Einerseits also die Fortsetzung des Gegeneinanders mit anderen Mitteln; andererseits aber die Ausblendung der Gegensätze. Denn sonst wäre die Frage, wer an den Turnieren teilnimmt und wer sie ausrichtet, der jeweiligen aktuellen politischen Konjunktur unterworfen.

Entsprechend "neutral" verhalten sich die internationalen Sportverbände. Eine Fußball-WM in Katar ist deshalb genauso möglich wie eine folgende EM in Deutschland. Ausnahmen wie die Absage an Weißrussland, die Eishockey-WM auszurichten, bestätigen die Regel.

In internationalen Sportkämpfen sollen körperlich hochgezüchtete Volksrepräsentanten möglichst viele Siege erringen.
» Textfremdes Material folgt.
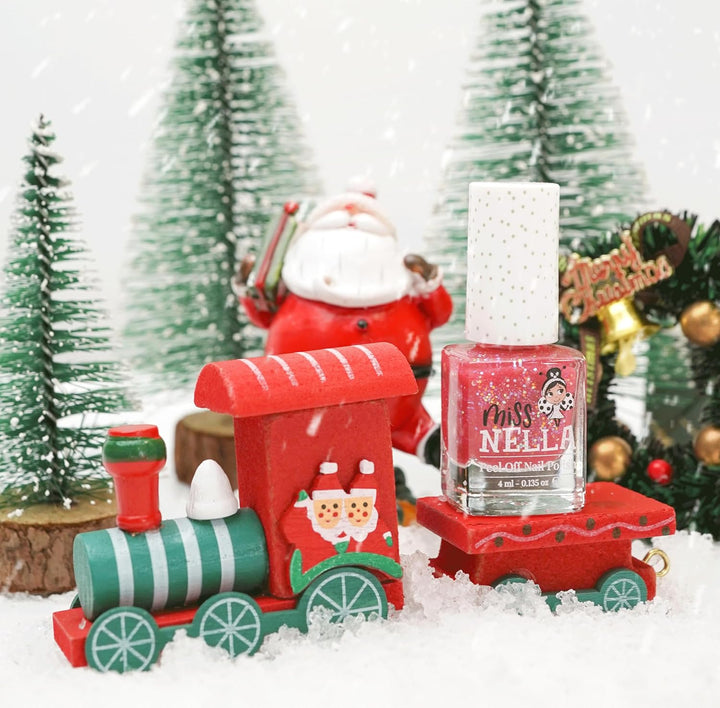 Miss Nella Weihnachtsglitter Special Glitzer - 6er Pack Kinder Nagellack mit Peel-off-Formel auf Was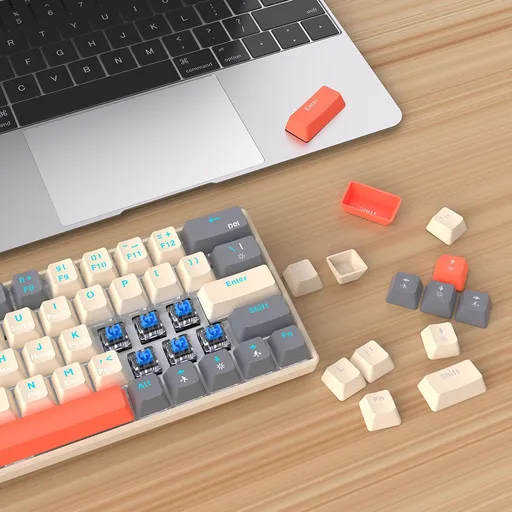 Portable Mechanical Gaming Keyboard, Compact 68 Keys Mini Wired Office Keyboard Office Keyboard for Win/Mac/PC/Laptop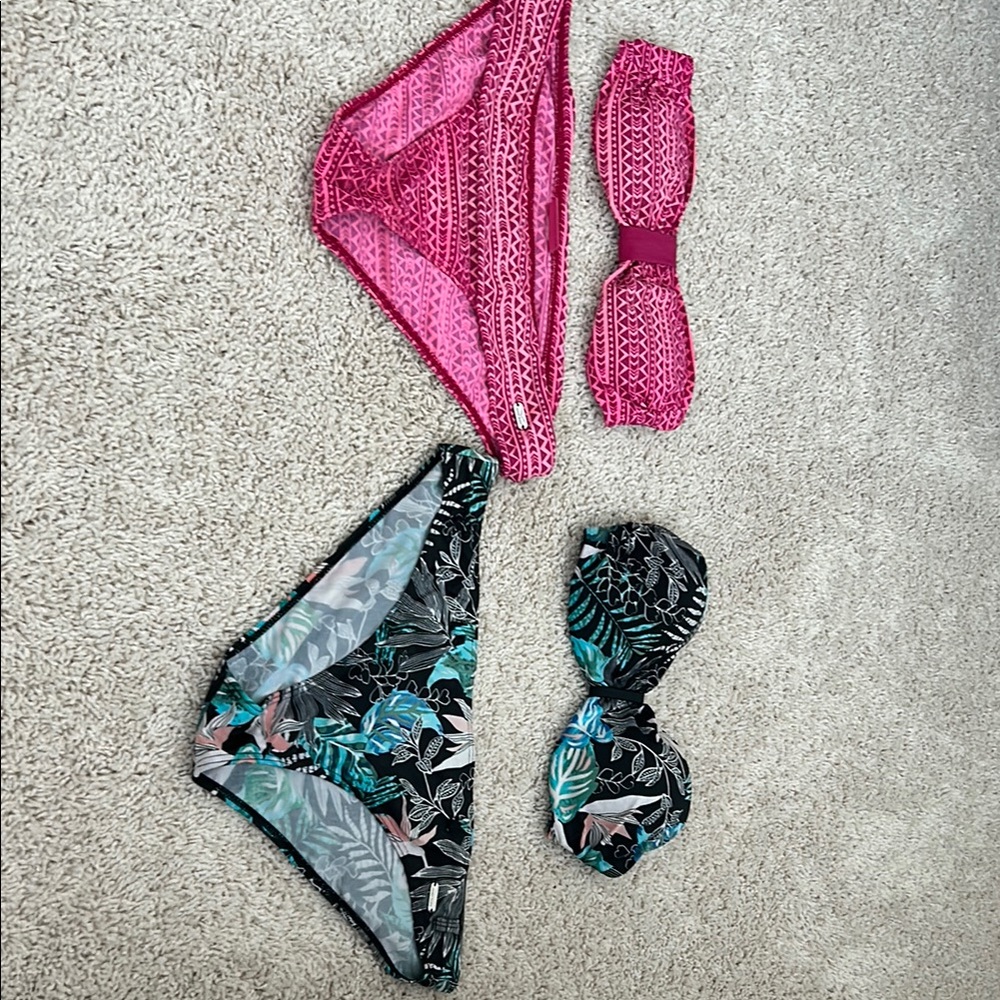 Pink and Tropical Print Bikini Set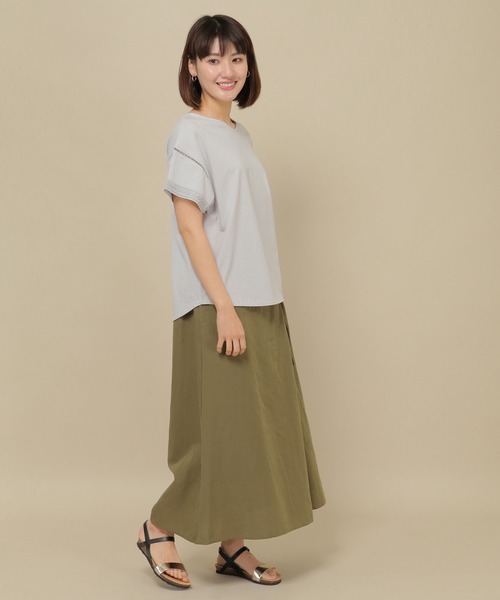 IKKA LOUNGE(イッカラウンジ)の「シルケット袖レースプルオーバー(Tシャツ/カットソー・レディース・ライトグレー/ブラック/レッド/オフホワイト・M/L)」の13枚目の写真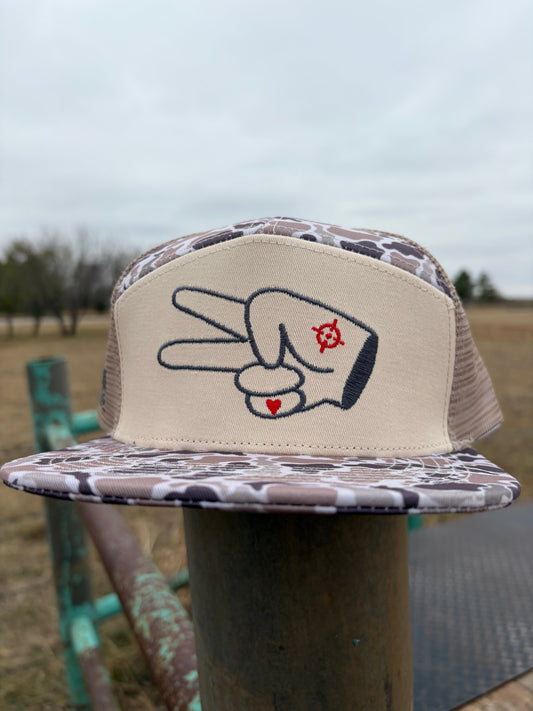 Hustlin Hippie PL Series 7 Panel Mesh Snapback- TAN/CAMO- GREY LOGO w/ BOLD style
Damit gereichen sie ihrer Nation zur Ehre - die ihr gefälligst auch gebührt. Die Ansprüche an die Zahl der zu erringenden Titel und Medaillen sortieren sich entlang der tatsächlichen Hierarchie der Staaten in der Welt.

Weltmächte wie USA, China, Russland sowie EU-Führungsnationen wie Deutschland und Frankreich geben folgerichtig viel ehrgeizigere Ziele aus als Schwellen- oder Entwicklungsländer. Die "Großen" investieren auch eine Menge Geld, um in diversen Leistungszentren und Kaderschmieden Siegertypen und -mannschaften zu züchten - mit erlaubten und nicht erlaubten Mitteln.

Der Irrwitz: Vom Ausgang dieser Veranstaltungen hängt im Verhältnis zwischen den Nationen nichts ab. Dennoch nehmen sie ihr Abschneiden so ernst, als wäre es doch so. "Dabei sein ist alles" stimmt für sie nicht. Angesichts der eigenen Stellung in der Welt - und bei einigen im Hinblick auf einen angestrebten Aufstieg - hat sich im Sport dies in einer entsprechenden Zahl von Erfolgen widerzuspiegeln. Tritt dies nicht ein, ist die nationale Ehre verletzt, und die Schuldigen werden zur Verantwortung gezogen.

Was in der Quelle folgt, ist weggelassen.